No problem and you can go very much lower. It's done everyday for garbage disposals attached to deep sinks and even laundry tubs. I've even seen traps resting on the room's floor with the cabinet bottom greatly notched out for servicing and replacement (plain ugly)...the sink drained exactly like it should and I had no problems washing my tools and buckets.
Additionally, the sink's tailpiece that goes into the trap assembly can be up to a maximum of 24" long. Initially, I couldn't find a public Code Reference, but there is 1 here https://www.law.cornell.edu/cfr/text/24/3280.606 to substantiate this very rarely seen setup.

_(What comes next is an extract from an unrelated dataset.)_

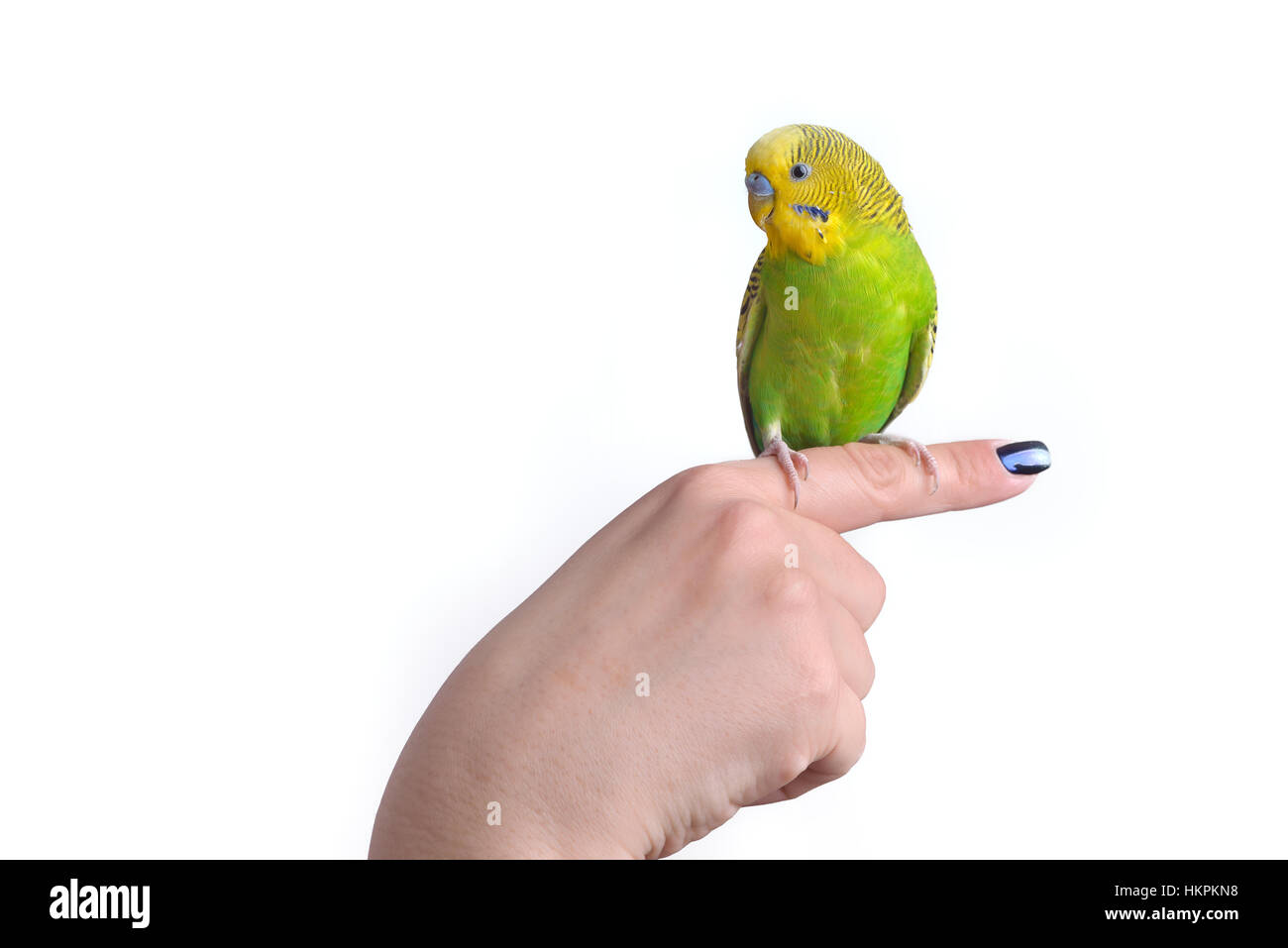 Grüne und gelbe Wellensittich Papagei (Melopsittacus Undulatus) auf Frau Hand, isoliert auf weißem Hintergrund Stockfoto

Your situation seems to be a basement or on-grade slab. Though, if there were a readily accessible crawlspace or garage below the deep sink and its garbage disposal, an up-to 24" tailpiece could place the trap in those areas and not in the sink's cabinet or room at all. In operation and regulation, there's little difference between a sink, shower or laundry standpipe trap.
Side with immediate and easy access in all cases. Not seeing a P-trap in the sink's cabinet will have most Home Inspectors and Newbie Building Code Inspectors hyperventilating and clutching for their red pen. Although, these idiots will still happily approve all illegal horizontal drywall installations, amazingly.